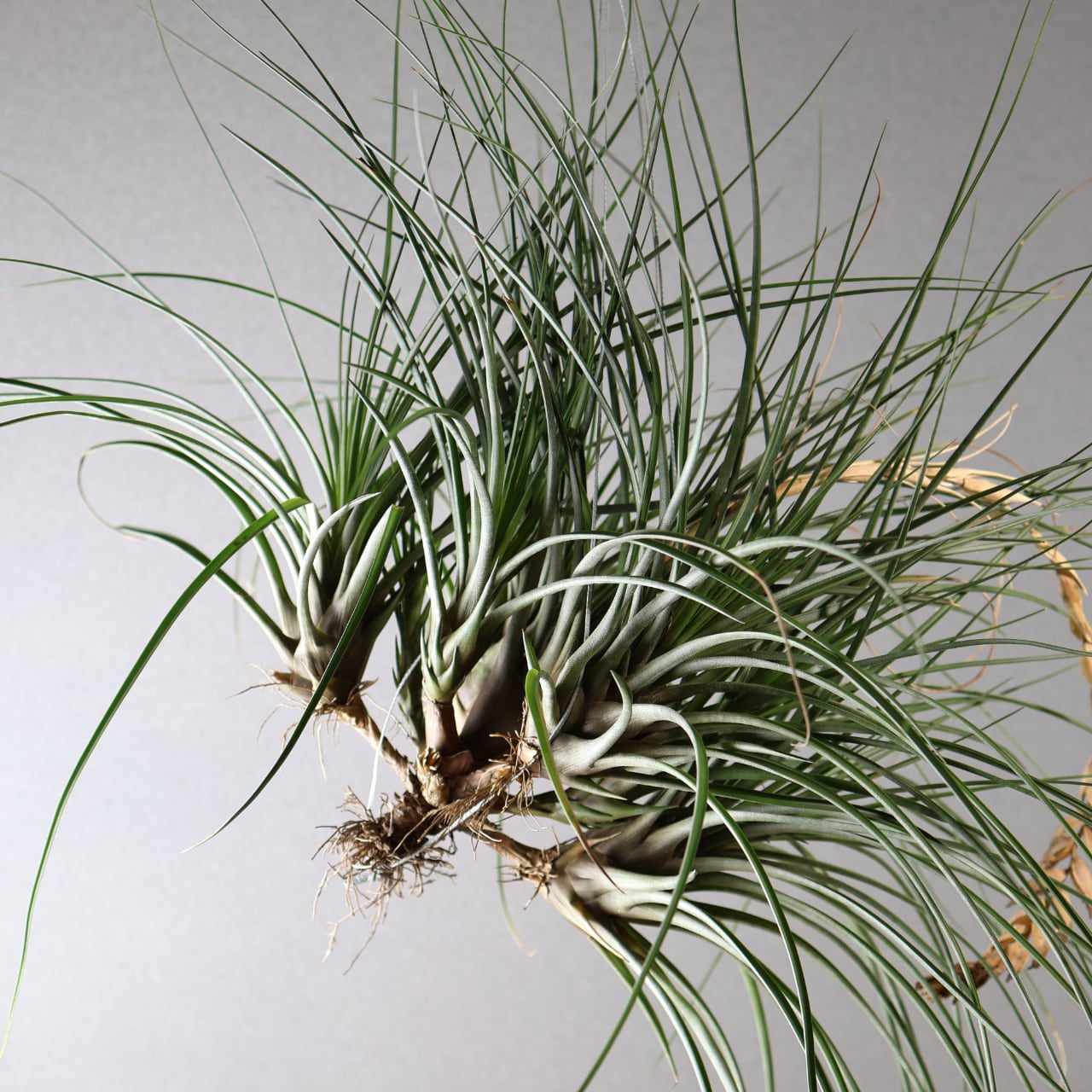 378 その姿、力強く美しい『チランジアファシキュラータ』観葉植物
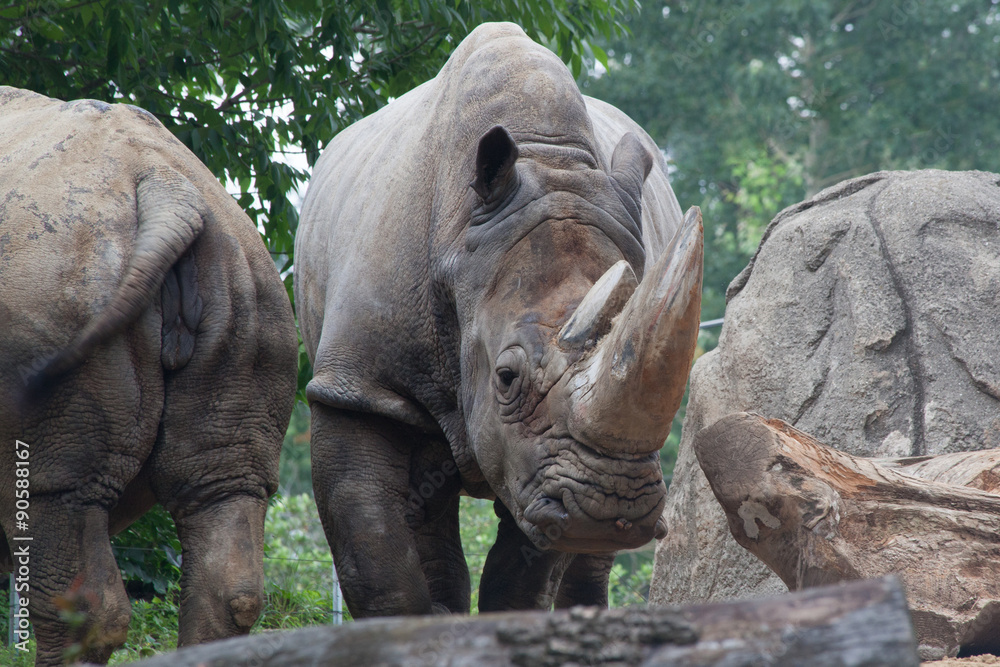 Obraz premium White Rhino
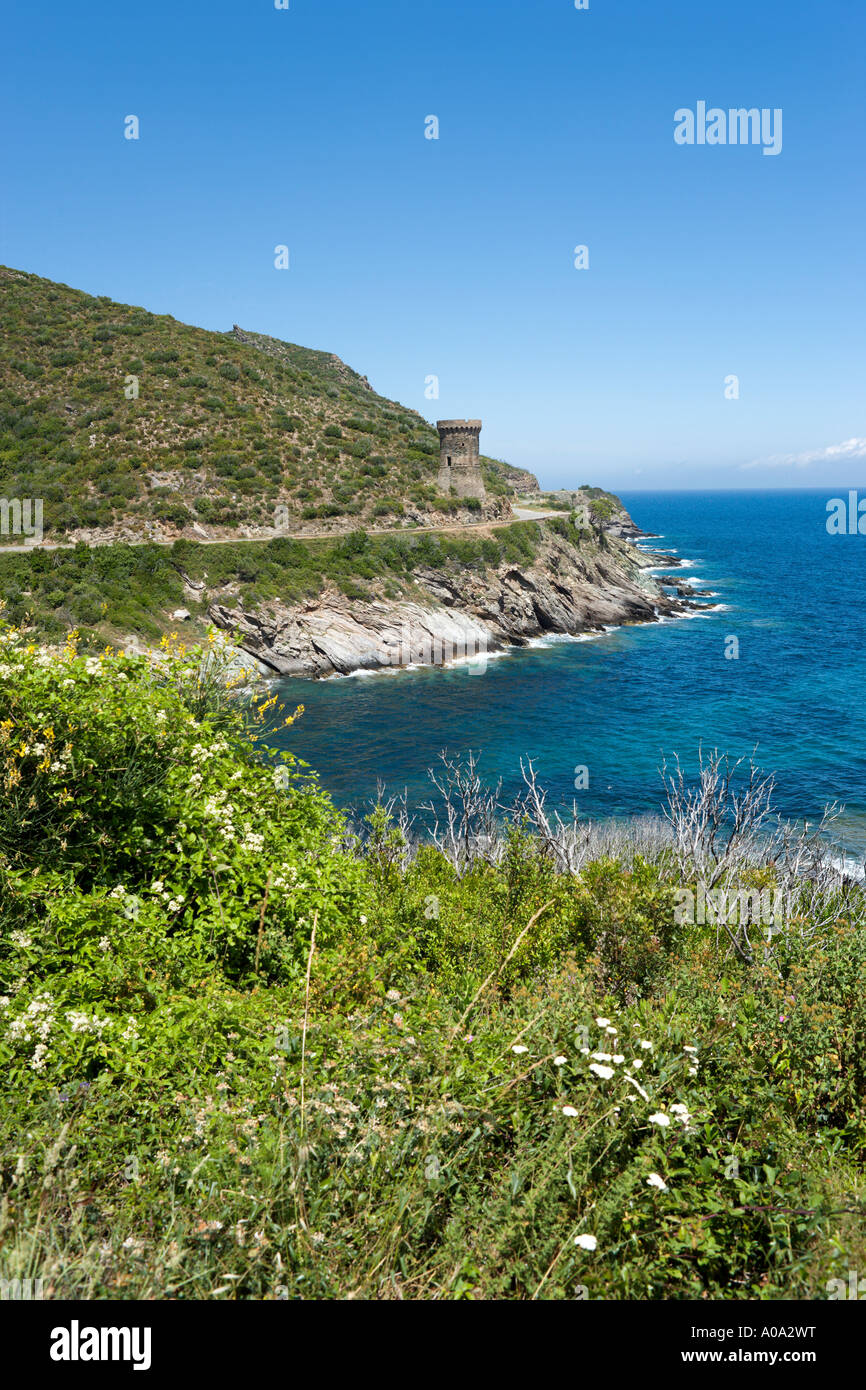 Los genoveses atalaya en la carretera de la costa cerca de Macinaggio, Meria, Cap Corse, Córcega, Francia Foto de stock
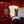Fender Masterbuilt Telecaster Tortoise Dennis Galuszka 1999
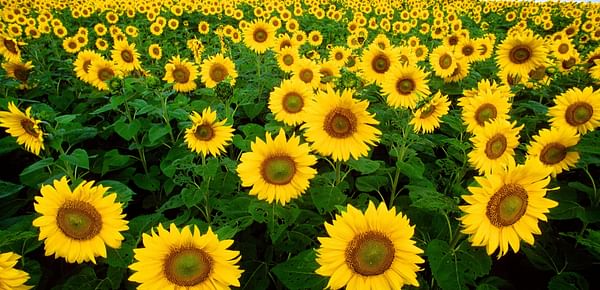  Oilseeds;sunflower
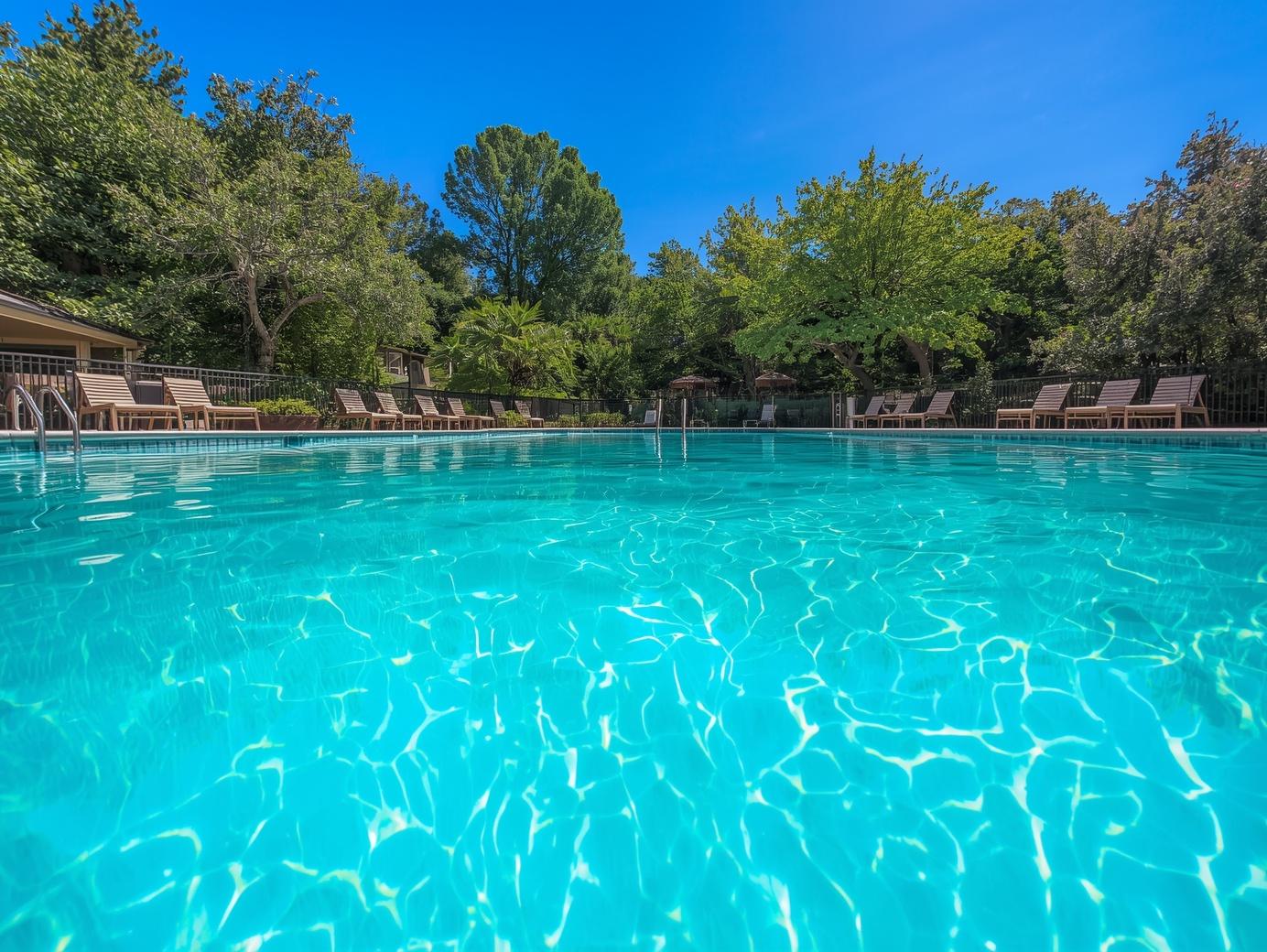 clean pool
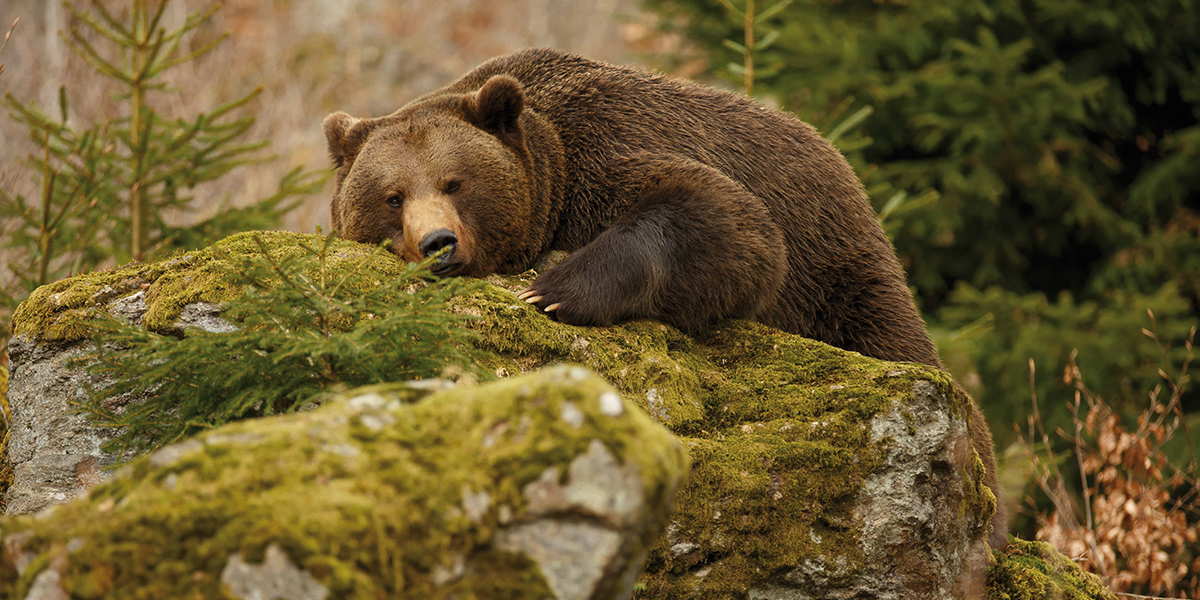 Les ours hibernent-ils ? - Le Monde des Animaux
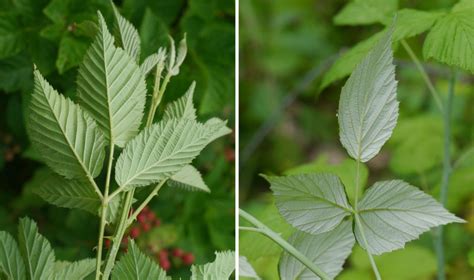 Blackberry? or black raspberry? | Identify that Plant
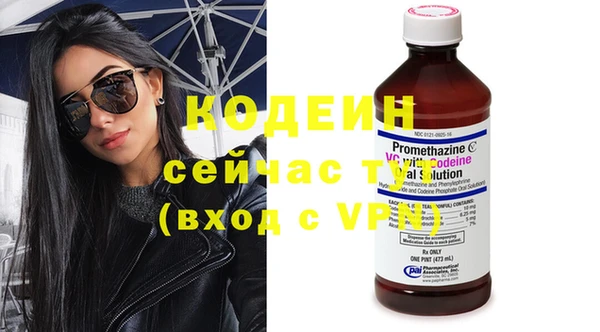 шишки Богородск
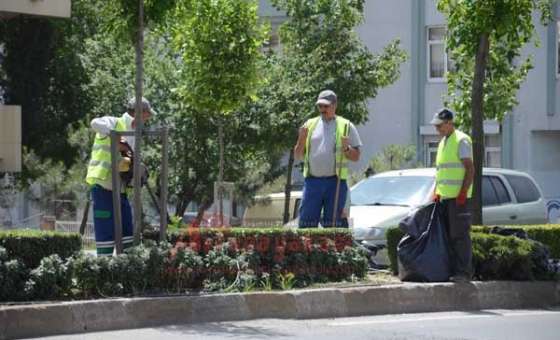 Park Ve Bahçeler Müdürlüğü Çalışıyor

WORK TO COMPLETE
What is needed is an exact copy of every entry, with the pictures removed.

SOLVED EXERCISE
 378 その姿、力強く美しい『チランジアファシキュラータ』観葉植物
 Obraz premium White Rhino
 Los genoveses atalaya en la carretera de la costa cerca de Macinaggio, Meria, Cap Corse, Córcega, Francia Foto de stock
Fender Masterbuilt Telecaster Tortoise Dennis Galuszka 1999
  Oilseeds;sunflower
 clean pool
 Les ours hibernent-ils ? - Le Monde des Animaux
 Blackberry? or black raspberry? | Identify that Plant
 шишки Богородск
 Park Ve Bahçeler Müdürlüğü Çalışıyor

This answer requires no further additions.